## Aim of the exercise
Below are some records. Retype exactly the lines from the one containing "MOC ชาร์จไร้สาย M/L" through the one containing "PRINTED CROWD L/S", both included, skipping every picture.

## Supplied data
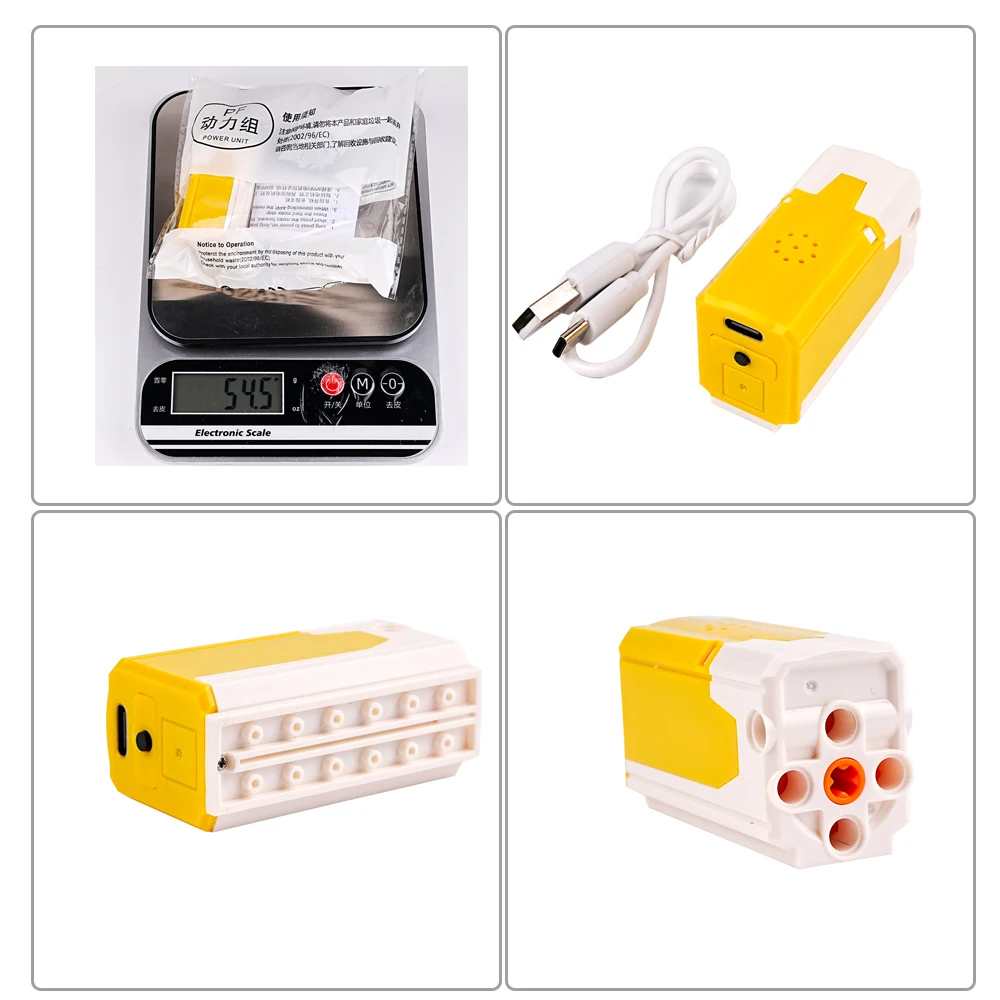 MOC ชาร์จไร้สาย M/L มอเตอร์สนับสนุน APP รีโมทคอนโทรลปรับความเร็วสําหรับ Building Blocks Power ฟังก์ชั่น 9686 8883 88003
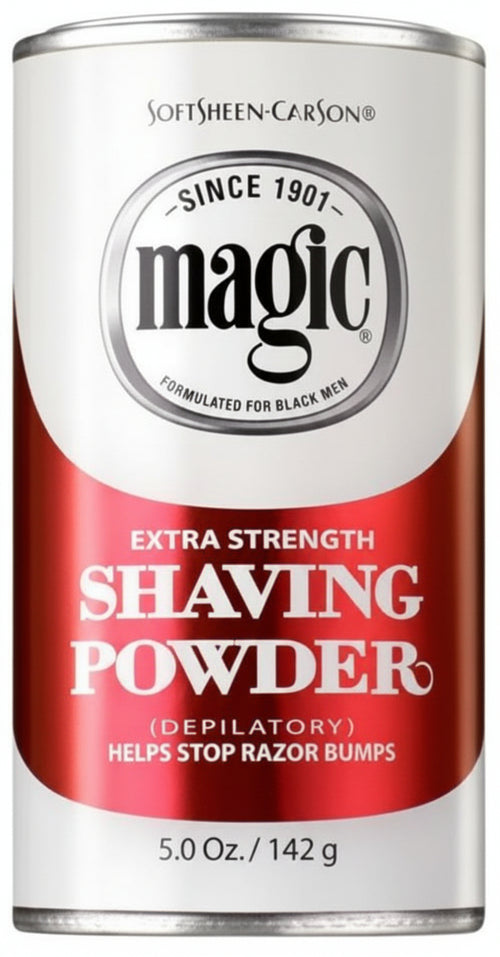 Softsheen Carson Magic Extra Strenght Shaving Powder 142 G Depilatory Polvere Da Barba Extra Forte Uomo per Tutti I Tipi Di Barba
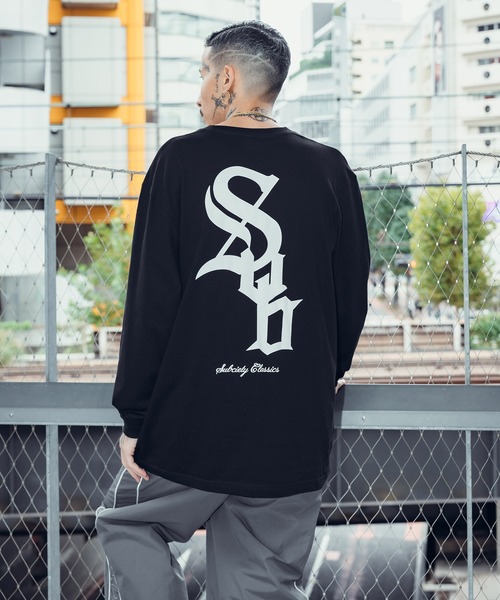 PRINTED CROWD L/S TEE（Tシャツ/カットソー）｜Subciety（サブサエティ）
---
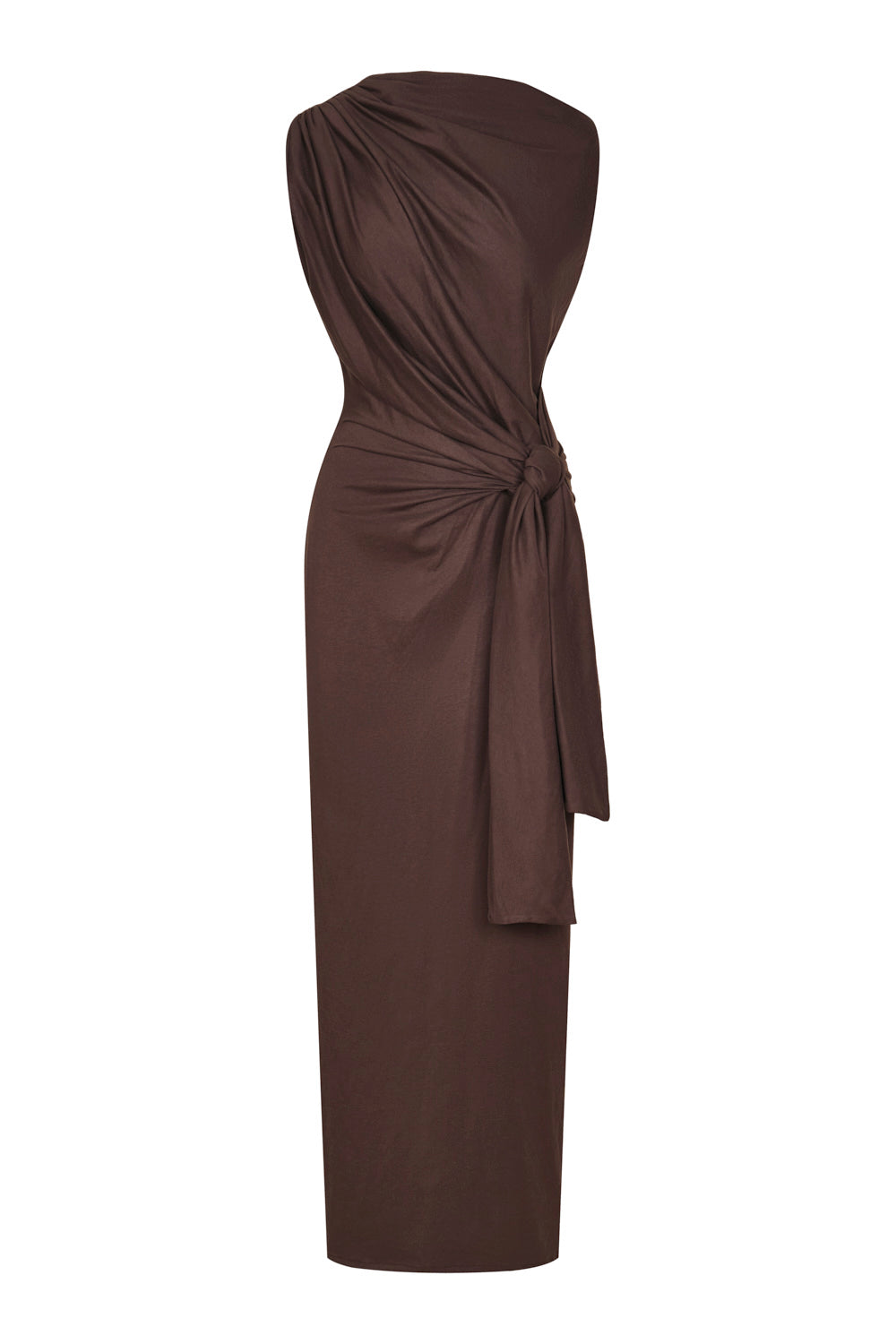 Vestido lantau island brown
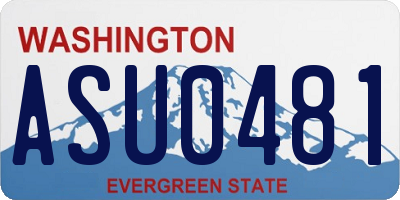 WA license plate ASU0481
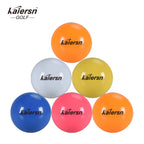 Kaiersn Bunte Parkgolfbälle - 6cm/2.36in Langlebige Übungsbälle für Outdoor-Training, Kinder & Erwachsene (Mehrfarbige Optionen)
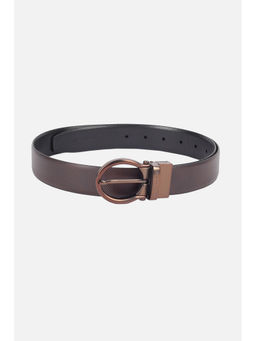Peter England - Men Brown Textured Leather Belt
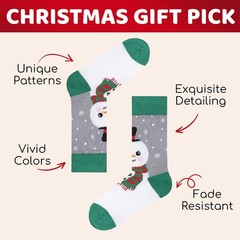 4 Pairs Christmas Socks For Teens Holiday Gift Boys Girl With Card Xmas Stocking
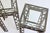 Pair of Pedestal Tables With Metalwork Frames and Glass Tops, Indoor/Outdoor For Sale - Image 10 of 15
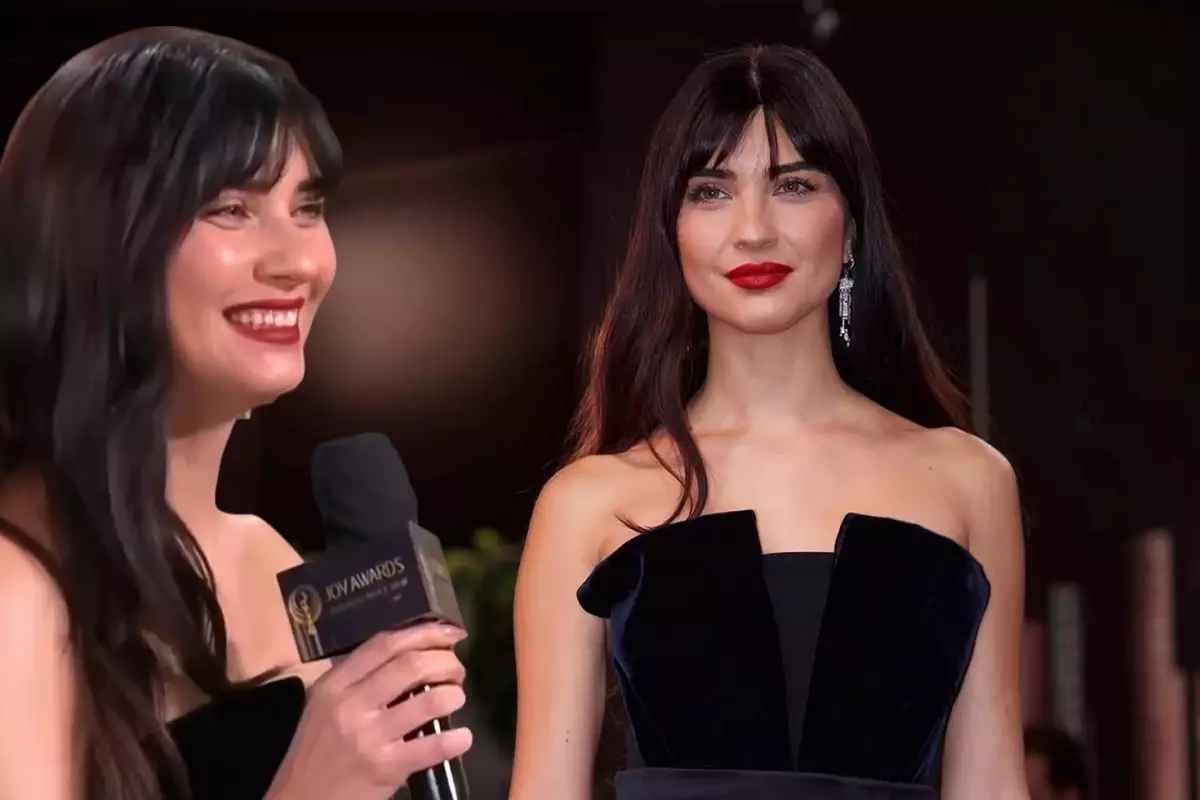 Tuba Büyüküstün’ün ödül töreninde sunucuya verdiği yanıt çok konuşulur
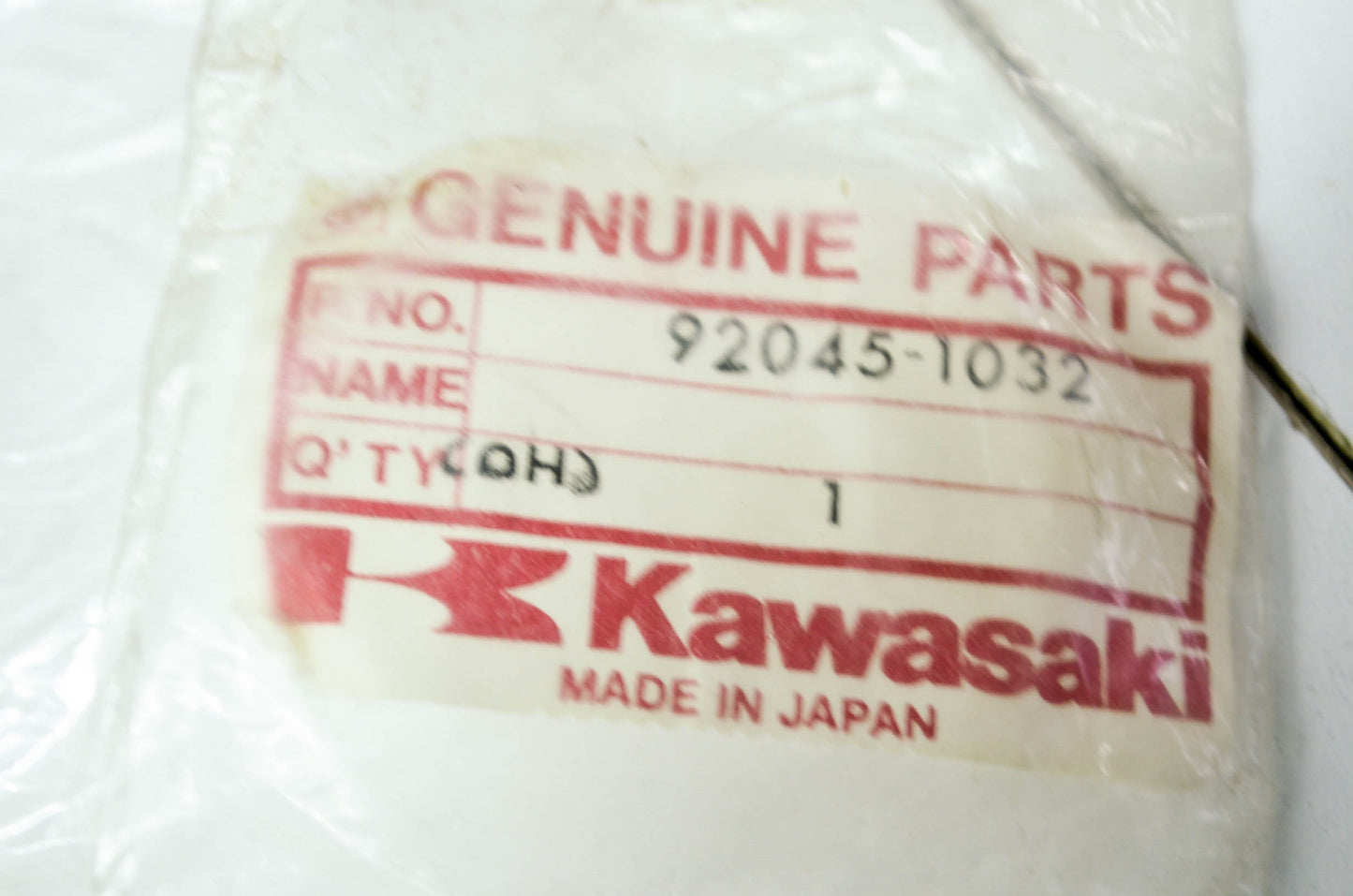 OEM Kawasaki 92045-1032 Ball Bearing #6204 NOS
...
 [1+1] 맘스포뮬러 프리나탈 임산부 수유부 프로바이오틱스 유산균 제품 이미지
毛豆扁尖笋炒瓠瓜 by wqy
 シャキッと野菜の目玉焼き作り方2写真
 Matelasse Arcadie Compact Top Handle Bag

## Task solution
 MOC ชาร์จไร้สาย M/L มอเตอร์สนับสนุน APP รีโมทคอนโทรลปรับความเร็วสําหรับ Building Blocks Power ฟังก์ชั่น 9686 8883 88003
 Softsheen Carson Magic Extra Strenght Shaving Powder 142 G Depilatory Polvere Da Barba Extra Forte Uomo per Tutti I Tipi Di Barba
 PRINTED CROWD L/S TEE（Tシャツ/カットソー）｜Subciety（サブサエティ）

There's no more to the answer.